● **GOAL OF THE EXERCISE**
Please print every record below exactly as it appears, but leave out the pictures.

● **PROVIDED ENTRIES**
****************

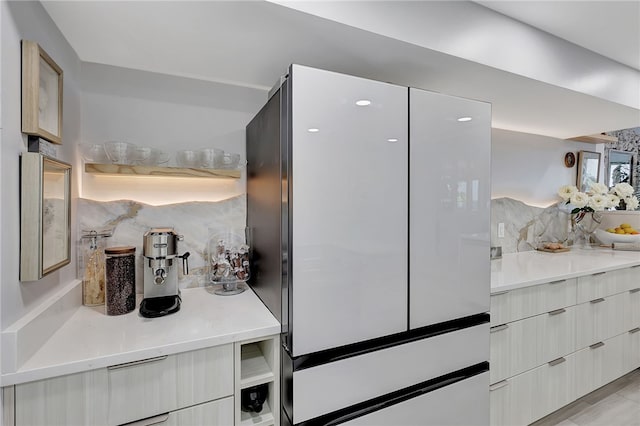 kitchen with fridge, white cabinetry, and decorative backsplash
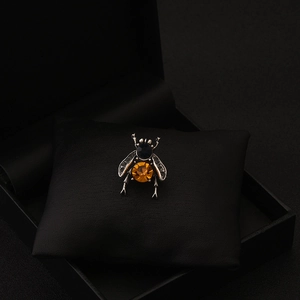 Macro view of vintage bee brooch with amber gemstone on black velvet jewelry box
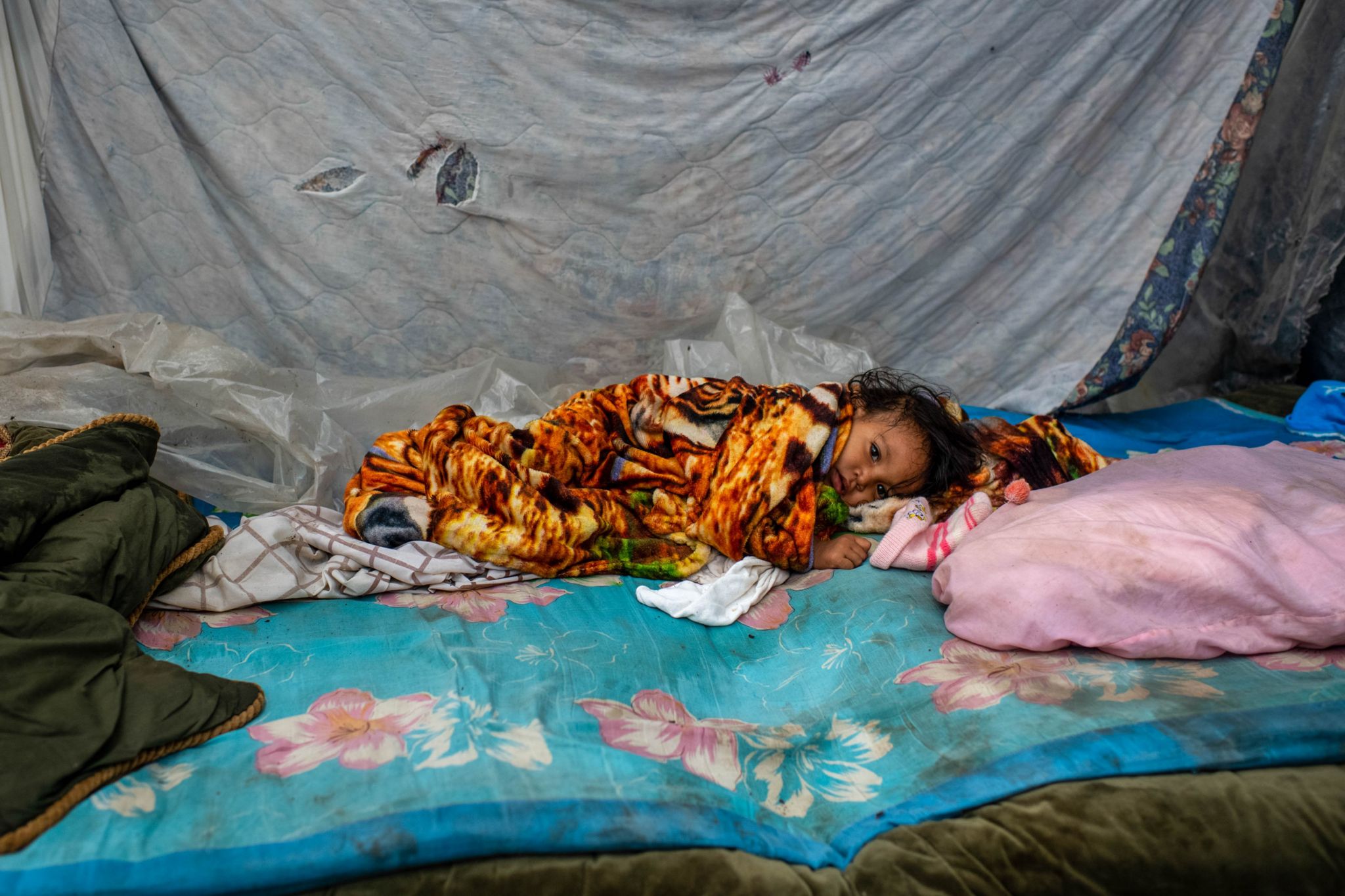 A baby lies in a makeshift shelter by a highway on the outskirts of San Pedro Sula
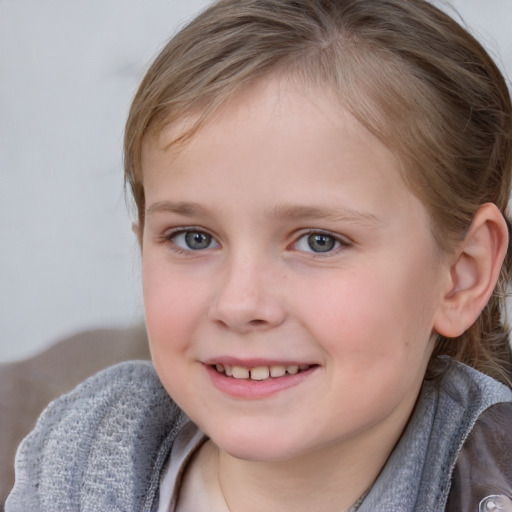 Joyful white child female with medium  brown hair and grey eyes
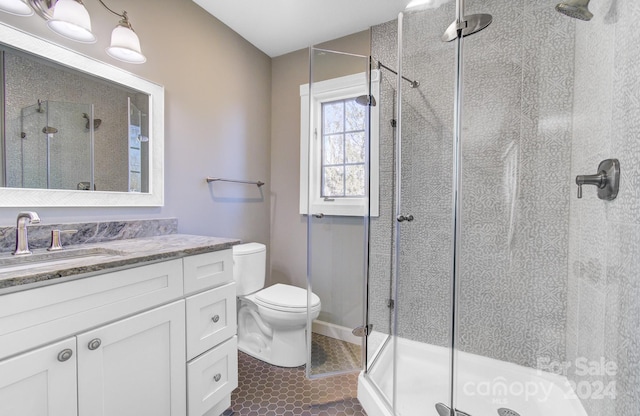 bathroom with toilet, vanity, tile patterned floors, and a shower with door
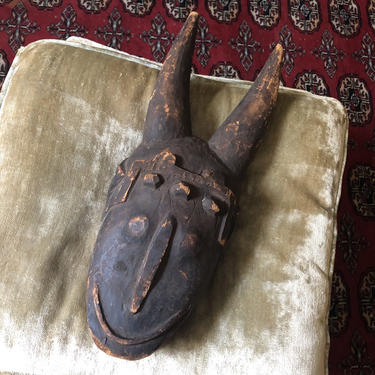 old hand carved African tribal mask | wooden totem mask with horns 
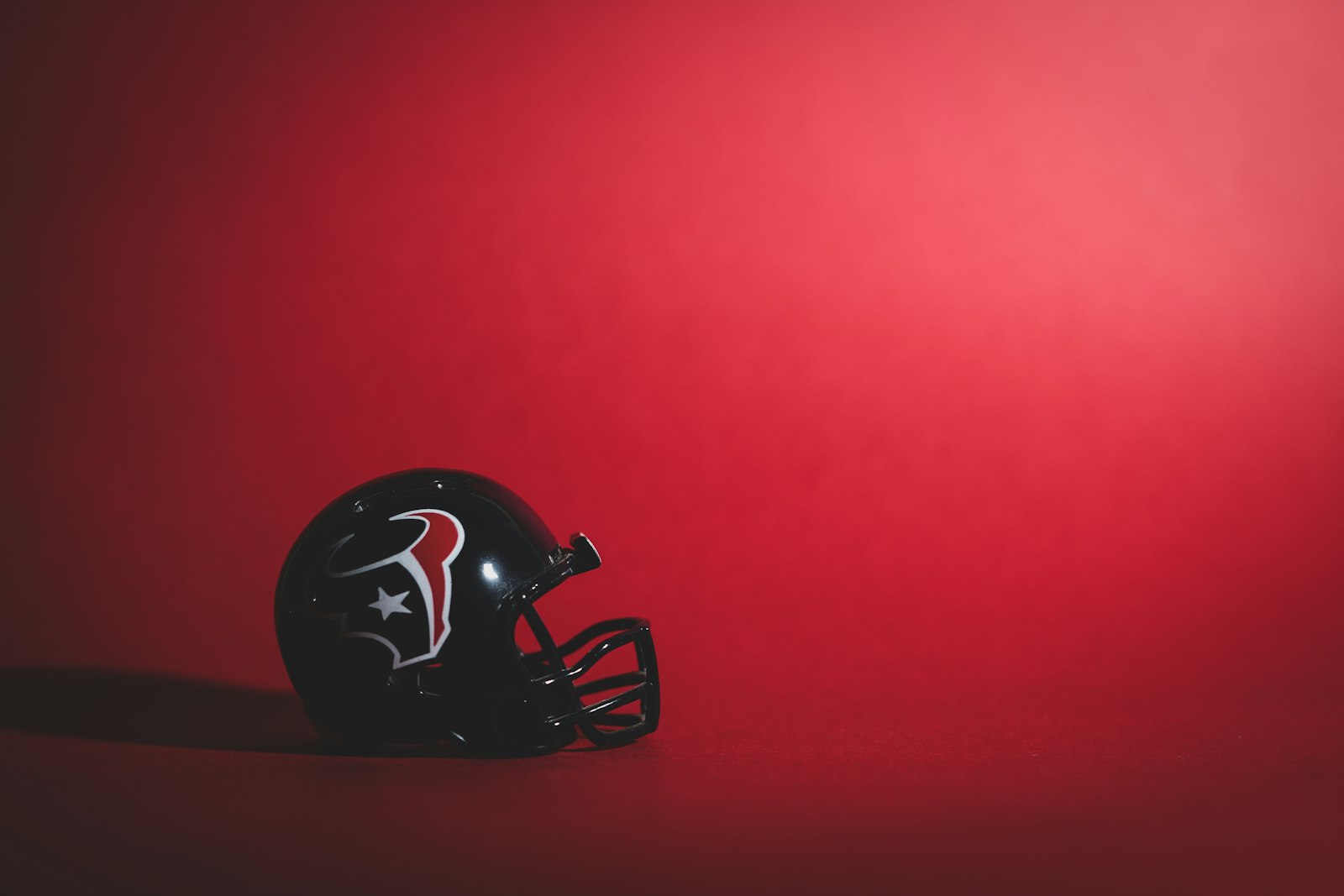 Black and red American football helmet with a metal facemask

****************

● **RESPONSE**
 kitchen with fridge, white cabinetry, and decorative backsplash
 Macro view of vintage bee brooch with amber gemstone on black velvet jewelry box
 A baby lies in a makeshift shelter by a highway on the outskirts of San Pedro Sula
 Joyful white child female with medium  brown hair and grey eyes
 bathroom with toilet, vanity, tile patterned floors, and a shower with door
 old hand carved African tribal mask | wooden totem mask with horns 
 Black and red American football helmet with a metal facemask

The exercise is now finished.